All Most operations in pytensor, including linear algebra, are vectorized. So you don’t need to loop here, you can just think in vectors:

eigh_vec = pt.vectorize(pt.linalg.eigh, '(m,m)->(m),(m,m)')

with pm.Model():
    g = pm.Uniform('g',lower=-1, upper=1)
    n = omega.shape[0]
    A = pt.zeros((n, 2, 2))
    A = pt.set_subtensor(A[:, np.diag_indices(2)], g)
    A = pt.set_subtensor(A[:, 0, 0], -omega)
    A = pt.set_subtensor(A[:, 1, 1], omega)
    A_eigvals, A_eigvecs = eigh_vec(A)
    A_eigvals = pt.sort(A_eigvals, axis=-1)
    
    energy_hat = pm.Normal("energy_hat", mu=A_eigvals[:, -1], observed=measuredenergi)
    idata_nuts = pm.sample(init='jitter+adapt_diag_grad', chains=8)
    idata_smc = pm.sample_smc(cores=1, chains=4)

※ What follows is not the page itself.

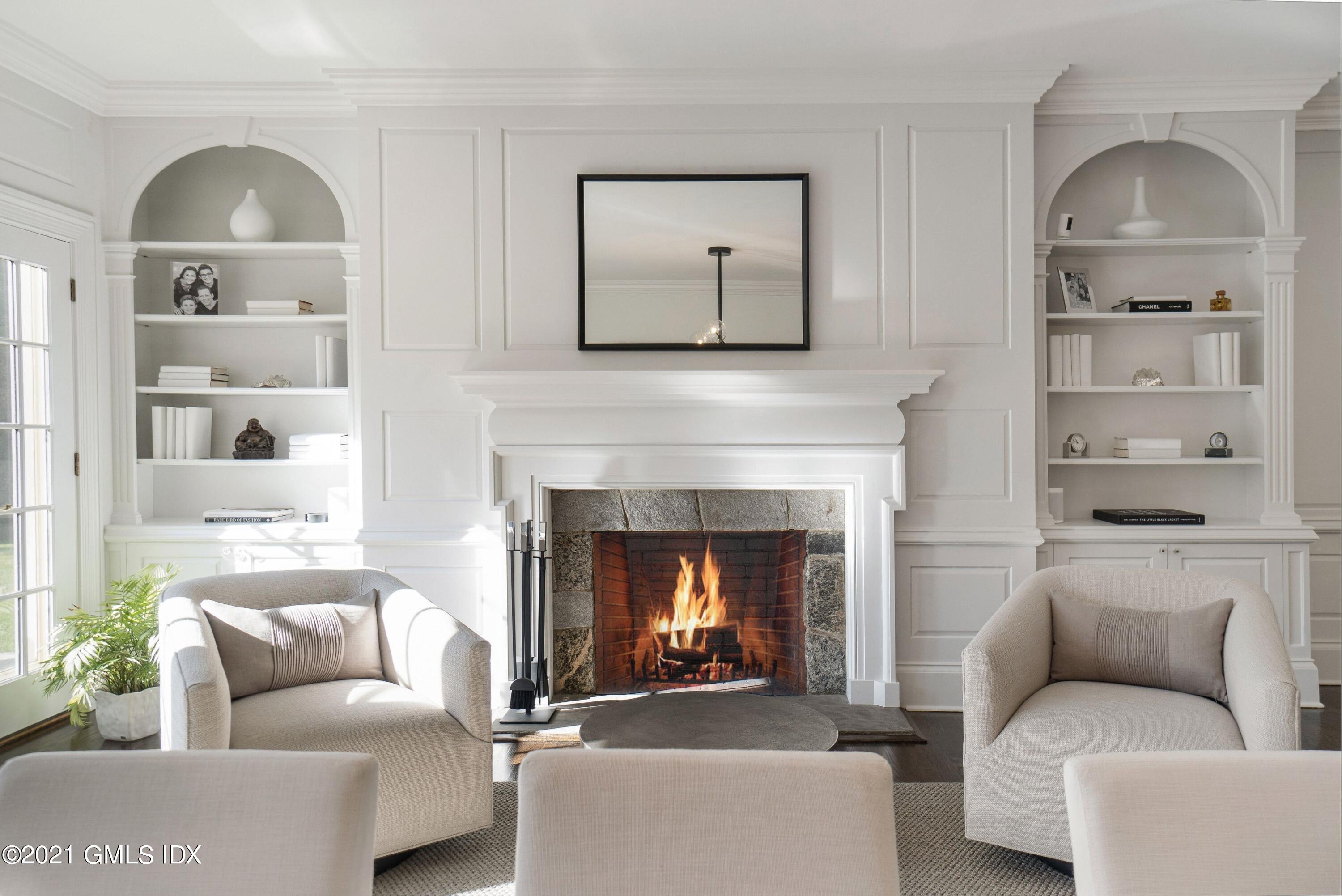 60 Round Hill Road Greenwich, CT 06831 - Photo 17 of 34 a living room with furniture and a fireplace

Be aware that gradients for the generalized eigenvalue problem (eig) are NOT implemented. Only gradients for eigh are implemented, but actually you should use eigh here because it seems like A is symmetric (as long as this will be true in the 3x3 case). eigh is also supposed to return the eigenvalues and vectors in ascending order, but it didn’t seem to in my testing, which might be a bug.

Unfortunately, we didn’t vectorize eigh yet – vectorized linear algebra functions are quite new. So I had to vectorize it myself, and you can see how that looks. It’s quite painless.The signature "(m,m)->(m),(m,m)" tells pytensor what the core dimension are: the input will be an (m,m) matrix, and it will output a vector of length (m) and a matrix of shape (m,m). Once it’s vectorized, you’re allowed to add as many batch dimensions are you like to the left of the core dims. In our case, A is (100, 2, 2) so m=2, and the batch dim is the first one of size 100. The eigenvalue computation is automatically broadcast across the batch dimension.

Anyway, what is a bit painful is sampling the model – the strong multimodality makes it a bit rough on NUTS. I had much better success with SMC. Here’s idata_nuts:

Untitled950×218 78.1 KB

And here’s idata_smc:

Untitled968×218 67.4 KB

If in the general case you don’t have symmetric A matrices, you must use eig, not eigh.
eigh does NOT check that the input matrix is actually symmetrical . It will just happily return incorrect eigenvalues if you give it a non-symmetric matrix

The upshot of SMC working well is that eig doesn’t have gradients implemented, so you’ll have to use SMC in that case.

Yeah I noticed the draw did that but didn’t realize how I could go about not using it haha, and this solved it. Now I understand how it works, thank you very you are amazing! It is so cool that it is vectorized so that I don’t need the loop. Huge thanks, king!